Trancamentos

Contra o golpe, MTST fecha vias nas cidades de São Paulo, Fortaleza e Porto Alegre

Atos denunciam o governo interino de Michel Temer; para manifestantes somente o povo poderá decidir os rumos do país

São Paulo (SP)

,
MTST afirma, em nota, que “os trabalhadores e os programas sociais, conquistados com muita luta, estão seriamente ameaçados pelo governo ilegítimo de Michel Temer" / José Eduardo Bernardes/ Brasil de Fato

Na manhã desta terça-feira (30), o Movimento dos Trabalhadores Sem Teto (MTST) organizou uma série de mobilizações em importantes vias das cidades de São Paulo (SP), Fortaleza (CE) e Porto Alegre (RS) contra o governo interino de Michel Temer. 

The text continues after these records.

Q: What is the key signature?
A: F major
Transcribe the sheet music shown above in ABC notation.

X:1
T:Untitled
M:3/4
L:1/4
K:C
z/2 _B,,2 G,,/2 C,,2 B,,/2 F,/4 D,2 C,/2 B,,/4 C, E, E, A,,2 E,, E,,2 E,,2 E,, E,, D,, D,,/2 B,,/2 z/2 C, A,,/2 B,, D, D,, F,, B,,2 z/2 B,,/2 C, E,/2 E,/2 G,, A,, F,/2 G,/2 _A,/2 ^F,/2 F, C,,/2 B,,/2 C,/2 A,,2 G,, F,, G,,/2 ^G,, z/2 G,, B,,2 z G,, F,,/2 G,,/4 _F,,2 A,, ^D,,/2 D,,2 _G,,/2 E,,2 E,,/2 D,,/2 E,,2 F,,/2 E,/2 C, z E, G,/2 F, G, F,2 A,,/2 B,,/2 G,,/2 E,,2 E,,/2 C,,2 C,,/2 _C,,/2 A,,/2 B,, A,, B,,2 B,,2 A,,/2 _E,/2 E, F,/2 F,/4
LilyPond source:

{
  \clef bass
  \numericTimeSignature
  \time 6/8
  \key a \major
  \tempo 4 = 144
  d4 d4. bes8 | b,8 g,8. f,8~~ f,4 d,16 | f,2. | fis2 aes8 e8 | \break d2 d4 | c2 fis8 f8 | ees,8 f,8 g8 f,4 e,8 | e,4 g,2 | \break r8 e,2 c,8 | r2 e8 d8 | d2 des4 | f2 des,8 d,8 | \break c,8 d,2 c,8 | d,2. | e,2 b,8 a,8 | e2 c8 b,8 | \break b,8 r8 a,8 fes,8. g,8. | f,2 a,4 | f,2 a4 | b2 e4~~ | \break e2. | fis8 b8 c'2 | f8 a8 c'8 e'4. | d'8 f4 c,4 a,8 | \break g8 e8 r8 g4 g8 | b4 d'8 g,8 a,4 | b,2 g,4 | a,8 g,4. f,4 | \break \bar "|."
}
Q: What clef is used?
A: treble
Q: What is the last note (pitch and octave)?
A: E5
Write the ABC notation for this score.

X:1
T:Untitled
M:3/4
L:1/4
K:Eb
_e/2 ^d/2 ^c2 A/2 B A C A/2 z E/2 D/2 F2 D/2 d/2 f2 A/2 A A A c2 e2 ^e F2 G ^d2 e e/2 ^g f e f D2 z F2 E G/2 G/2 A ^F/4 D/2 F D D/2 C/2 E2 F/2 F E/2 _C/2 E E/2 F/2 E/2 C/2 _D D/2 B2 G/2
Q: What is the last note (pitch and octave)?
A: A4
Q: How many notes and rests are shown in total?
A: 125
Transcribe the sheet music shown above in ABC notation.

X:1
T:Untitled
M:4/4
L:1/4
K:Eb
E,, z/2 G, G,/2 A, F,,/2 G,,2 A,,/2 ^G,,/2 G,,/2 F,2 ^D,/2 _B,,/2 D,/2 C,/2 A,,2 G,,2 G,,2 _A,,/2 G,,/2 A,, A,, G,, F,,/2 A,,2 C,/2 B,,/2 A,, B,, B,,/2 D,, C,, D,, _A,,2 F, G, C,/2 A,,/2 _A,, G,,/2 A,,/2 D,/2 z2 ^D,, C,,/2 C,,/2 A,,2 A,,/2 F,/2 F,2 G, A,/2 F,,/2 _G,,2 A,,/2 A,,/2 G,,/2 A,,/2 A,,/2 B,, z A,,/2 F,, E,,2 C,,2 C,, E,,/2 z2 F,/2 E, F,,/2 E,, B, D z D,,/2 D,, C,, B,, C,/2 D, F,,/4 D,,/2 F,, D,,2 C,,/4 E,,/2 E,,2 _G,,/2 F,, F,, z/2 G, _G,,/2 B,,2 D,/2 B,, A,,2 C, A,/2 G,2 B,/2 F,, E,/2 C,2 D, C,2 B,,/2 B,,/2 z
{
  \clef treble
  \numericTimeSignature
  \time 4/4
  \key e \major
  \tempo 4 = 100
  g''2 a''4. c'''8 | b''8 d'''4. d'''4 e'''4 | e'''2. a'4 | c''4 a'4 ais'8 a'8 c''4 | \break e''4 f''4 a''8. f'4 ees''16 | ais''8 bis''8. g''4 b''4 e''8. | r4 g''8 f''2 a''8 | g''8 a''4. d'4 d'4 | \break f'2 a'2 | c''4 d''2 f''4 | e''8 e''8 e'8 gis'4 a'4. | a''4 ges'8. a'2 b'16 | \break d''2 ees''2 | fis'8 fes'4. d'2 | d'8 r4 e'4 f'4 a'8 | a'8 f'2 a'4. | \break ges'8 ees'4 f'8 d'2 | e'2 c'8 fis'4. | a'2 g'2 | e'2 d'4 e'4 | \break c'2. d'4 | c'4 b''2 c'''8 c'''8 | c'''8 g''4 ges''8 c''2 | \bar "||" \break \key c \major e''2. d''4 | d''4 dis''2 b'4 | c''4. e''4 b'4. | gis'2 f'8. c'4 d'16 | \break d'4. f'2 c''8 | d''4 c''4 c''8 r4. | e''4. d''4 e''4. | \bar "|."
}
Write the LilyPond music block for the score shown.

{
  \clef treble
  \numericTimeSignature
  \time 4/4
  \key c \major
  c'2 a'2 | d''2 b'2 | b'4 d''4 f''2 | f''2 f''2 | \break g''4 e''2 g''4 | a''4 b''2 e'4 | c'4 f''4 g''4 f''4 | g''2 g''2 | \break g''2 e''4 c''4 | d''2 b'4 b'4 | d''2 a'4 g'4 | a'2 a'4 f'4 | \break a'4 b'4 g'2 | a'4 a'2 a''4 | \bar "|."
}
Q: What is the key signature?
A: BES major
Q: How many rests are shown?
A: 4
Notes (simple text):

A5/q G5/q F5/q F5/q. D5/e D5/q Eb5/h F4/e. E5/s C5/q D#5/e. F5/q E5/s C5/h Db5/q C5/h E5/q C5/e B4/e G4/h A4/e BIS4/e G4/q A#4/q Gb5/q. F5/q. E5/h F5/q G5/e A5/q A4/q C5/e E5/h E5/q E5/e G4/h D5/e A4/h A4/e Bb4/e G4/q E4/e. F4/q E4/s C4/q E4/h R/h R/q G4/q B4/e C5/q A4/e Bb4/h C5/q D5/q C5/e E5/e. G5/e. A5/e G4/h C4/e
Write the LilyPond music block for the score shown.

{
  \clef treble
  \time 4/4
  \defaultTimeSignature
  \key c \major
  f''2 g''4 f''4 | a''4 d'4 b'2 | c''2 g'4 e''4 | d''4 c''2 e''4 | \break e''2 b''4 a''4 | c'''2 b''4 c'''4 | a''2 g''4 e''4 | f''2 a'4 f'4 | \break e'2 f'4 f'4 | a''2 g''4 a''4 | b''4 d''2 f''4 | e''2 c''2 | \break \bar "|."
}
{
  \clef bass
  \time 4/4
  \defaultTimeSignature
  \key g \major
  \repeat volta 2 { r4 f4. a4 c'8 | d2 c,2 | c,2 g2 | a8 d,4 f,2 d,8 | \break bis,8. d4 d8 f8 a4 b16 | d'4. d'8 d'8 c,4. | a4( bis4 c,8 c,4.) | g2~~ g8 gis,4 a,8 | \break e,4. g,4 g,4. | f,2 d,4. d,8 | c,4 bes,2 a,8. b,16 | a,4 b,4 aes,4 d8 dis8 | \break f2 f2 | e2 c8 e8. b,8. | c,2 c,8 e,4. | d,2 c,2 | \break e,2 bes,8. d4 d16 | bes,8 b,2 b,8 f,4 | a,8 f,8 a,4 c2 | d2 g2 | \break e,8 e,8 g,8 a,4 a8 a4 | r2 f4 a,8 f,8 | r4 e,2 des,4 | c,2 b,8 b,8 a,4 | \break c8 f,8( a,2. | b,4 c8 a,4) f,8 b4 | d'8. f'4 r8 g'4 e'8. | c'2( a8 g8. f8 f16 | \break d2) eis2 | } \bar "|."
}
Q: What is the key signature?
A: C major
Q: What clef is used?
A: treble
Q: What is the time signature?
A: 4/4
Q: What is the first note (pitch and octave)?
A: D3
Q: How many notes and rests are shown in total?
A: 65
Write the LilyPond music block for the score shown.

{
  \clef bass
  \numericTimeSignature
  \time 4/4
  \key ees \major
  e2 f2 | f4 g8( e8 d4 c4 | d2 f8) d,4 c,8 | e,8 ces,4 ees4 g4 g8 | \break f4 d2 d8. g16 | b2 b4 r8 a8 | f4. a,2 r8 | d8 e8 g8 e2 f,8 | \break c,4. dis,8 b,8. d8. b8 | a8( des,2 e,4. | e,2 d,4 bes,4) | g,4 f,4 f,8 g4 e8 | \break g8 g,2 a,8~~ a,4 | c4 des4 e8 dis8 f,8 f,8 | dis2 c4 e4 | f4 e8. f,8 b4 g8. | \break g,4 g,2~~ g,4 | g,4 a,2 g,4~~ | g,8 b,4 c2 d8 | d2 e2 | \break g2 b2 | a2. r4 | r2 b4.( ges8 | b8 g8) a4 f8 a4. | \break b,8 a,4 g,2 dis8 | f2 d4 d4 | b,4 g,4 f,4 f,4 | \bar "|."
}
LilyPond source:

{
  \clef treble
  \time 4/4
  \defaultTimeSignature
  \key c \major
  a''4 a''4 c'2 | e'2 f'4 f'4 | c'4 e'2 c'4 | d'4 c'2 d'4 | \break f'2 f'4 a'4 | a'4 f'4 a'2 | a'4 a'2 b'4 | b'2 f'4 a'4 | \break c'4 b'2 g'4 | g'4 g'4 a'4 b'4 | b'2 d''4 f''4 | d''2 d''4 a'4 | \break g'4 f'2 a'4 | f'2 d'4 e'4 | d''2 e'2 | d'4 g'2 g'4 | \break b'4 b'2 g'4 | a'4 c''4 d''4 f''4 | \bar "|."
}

Em São Paulo, as manifestações fecharam as Marginais Pinheiros e Tietê, a Ponte Eusébio Matoso, a Avenida Jacú Pêssego, a Radial Leste e a Rodovia Regis Bittencourt. Durante o ato na Marginal Pinheiros, quatro manifestantes foram presos. Segundo informações do movimento, três deles foram levados ao 13º DP, e o outro ao 1º DP.

“Nós travamos aqui hoje contra esse governo ilegítimo de Michel Temer e pela nossa moradia”, disse Guilherme Boulos, coordenador nacional do movimento, reiterando que os atos desta terça-feira não tinham o objetivo de "ter confronto com a polícia". 

Na Radial-Leste, na altura da Arena Corinthians, cerca de 150 pessoas fecharam a via sentido o centro. O coordenador do MTST na Zona Leste, Zelídio Barbosa, destacou que o movimento saiu às ruas “para deixar claro para esse governo corrupto e ilegítimo, que não vai ser do jeito que eles acham que vai ser”. “Quem decide é o povo”, afirmou.

Em Porto Alegre o ato do movimento sem-teto fechou a BR-290 (free way). Já em Fortaleza, os manifestantes interditaram a Rodovia CE-020. 

Em nota, a coordenação Nacional do MTST, afirmou que “os trabalhadores e os programas sociais, conquistados com muita luta, estão seriamente ameaçados pelo governo ilegítimo de Michel Temer. As contratações de moradia do programa Minha Casa Minha Vida permanecem suspensas”.

“Não aceitamos o golpe, nem contra a democracia nem contra nossos direitos. Não reconhecemos no Senado a legitimidade para decidir os destinos do país. A resistência seguirá nas ruas”, concluiu a nota.